You say something stupid like, “But he’ll be home this afternoon. He comes back from his business trip today.” You tell me that every Sunday morning, and every 9 a.m., you break my heart by not wanting to spend your life with me.
I tell you how perfect we’d be together. I remind you of the way our bodies fit together like an open and closed parentheses, but sometimes, you close yourself off from me
like I’m a venom
and you haven’t found an antidote yet
like I’m a disease
and no one has bothered to search for a cure.
You stop me from telling you I love you. You stop me from telling you how perfect your curves are and yet, you’re the dream I don’t want to wake up from.

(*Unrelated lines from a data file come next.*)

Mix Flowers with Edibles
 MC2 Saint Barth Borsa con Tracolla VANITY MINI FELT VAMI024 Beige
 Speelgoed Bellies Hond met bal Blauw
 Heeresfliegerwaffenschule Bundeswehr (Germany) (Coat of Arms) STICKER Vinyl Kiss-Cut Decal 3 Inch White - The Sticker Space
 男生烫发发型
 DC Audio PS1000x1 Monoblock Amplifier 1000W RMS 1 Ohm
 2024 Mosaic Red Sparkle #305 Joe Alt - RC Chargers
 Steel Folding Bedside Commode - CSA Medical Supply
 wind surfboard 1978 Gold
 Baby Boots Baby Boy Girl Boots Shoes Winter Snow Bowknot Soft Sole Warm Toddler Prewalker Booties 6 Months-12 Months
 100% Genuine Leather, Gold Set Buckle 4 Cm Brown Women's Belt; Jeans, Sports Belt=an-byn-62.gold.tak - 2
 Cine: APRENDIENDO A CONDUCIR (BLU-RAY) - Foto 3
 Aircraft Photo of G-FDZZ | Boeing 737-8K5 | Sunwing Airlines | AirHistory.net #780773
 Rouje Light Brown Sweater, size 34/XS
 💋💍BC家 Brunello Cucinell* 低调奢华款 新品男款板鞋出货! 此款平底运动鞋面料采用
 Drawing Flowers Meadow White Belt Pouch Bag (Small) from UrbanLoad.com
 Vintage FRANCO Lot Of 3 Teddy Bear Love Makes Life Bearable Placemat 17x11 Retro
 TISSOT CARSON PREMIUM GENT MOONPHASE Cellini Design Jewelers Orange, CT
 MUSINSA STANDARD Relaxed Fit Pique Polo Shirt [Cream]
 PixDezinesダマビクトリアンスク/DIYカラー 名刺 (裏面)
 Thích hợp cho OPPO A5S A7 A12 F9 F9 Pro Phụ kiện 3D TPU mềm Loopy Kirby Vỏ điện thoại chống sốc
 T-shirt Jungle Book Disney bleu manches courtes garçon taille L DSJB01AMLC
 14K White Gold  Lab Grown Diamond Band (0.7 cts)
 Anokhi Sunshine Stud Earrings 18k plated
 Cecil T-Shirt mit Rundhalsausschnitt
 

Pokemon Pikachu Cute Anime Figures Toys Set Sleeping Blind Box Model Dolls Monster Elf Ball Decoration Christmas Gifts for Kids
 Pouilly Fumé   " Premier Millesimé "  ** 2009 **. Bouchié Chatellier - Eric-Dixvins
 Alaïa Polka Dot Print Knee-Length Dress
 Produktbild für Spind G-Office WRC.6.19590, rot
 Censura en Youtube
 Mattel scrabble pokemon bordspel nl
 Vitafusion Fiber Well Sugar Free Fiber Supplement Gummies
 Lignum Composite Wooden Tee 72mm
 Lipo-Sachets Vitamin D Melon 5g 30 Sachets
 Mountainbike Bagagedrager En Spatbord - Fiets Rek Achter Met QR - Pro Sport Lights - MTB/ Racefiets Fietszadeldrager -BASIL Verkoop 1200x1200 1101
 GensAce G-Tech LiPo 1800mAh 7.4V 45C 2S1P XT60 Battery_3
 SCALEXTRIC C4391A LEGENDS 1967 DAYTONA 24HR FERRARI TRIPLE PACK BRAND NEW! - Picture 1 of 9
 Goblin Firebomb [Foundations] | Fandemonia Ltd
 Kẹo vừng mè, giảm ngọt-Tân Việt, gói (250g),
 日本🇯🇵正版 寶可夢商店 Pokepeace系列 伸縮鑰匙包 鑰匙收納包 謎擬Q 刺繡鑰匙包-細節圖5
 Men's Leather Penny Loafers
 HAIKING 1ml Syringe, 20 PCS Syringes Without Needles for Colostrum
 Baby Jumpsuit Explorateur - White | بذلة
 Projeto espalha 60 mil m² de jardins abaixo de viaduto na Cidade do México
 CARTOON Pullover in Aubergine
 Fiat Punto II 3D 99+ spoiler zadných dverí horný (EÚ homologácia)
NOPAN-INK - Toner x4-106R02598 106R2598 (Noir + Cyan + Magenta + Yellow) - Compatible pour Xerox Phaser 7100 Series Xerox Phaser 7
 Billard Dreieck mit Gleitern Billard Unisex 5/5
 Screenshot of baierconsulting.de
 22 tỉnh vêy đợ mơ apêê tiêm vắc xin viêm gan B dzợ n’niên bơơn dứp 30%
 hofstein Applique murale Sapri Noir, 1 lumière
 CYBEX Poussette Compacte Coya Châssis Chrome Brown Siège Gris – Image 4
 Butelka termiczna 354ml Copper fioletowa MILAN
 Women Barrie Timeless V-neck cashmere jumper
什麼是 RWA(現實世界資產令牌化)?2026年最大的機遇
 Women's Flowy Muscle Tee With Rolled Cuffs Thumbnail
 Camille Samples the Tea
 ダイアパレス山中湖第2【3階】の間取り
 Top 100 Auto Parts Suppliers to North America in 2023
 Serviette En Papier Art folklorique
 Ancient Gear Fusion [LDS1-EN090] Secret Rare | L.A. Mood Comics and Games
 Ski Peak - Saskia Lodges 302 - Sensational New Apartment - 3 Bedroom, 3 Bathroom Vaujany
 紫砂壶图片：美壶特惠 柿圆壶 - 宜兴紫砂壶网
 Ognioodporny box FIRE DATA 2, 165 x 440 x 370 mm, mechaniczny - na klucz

My eyes are gray from crying too much; I swear the color drained out of them, but you say I’m maudlin, you tell me it isn’t poetry I write you, it’s just sad.

You tell me I could find a girl at a coffeehouse or a bookshop. You tell me I could go to a record store. You tell me those hipster girls would love my photography and my poetry.



You tell me I need to leave you alone. You tell me that I need to stop dropping by, unannounced, that your boyfriend noticed my VW Bug down the street a few nights in a row. He mentioned it to you. He said something about the trampled sunflowers on the front porch.
The ones I thought were poetic and sad.
When I put a dead rat in your mailbox, you called the police.
When I started writing poems in blood, you put a restraining order on me.
But love has always been crimson, and my eyes have always been grey, even before all the crying.
Forgive me, my love. I must have crossed a line, but I just wanted to linger in your bed on a Sunday. I just wanted to hear you say that you loved me.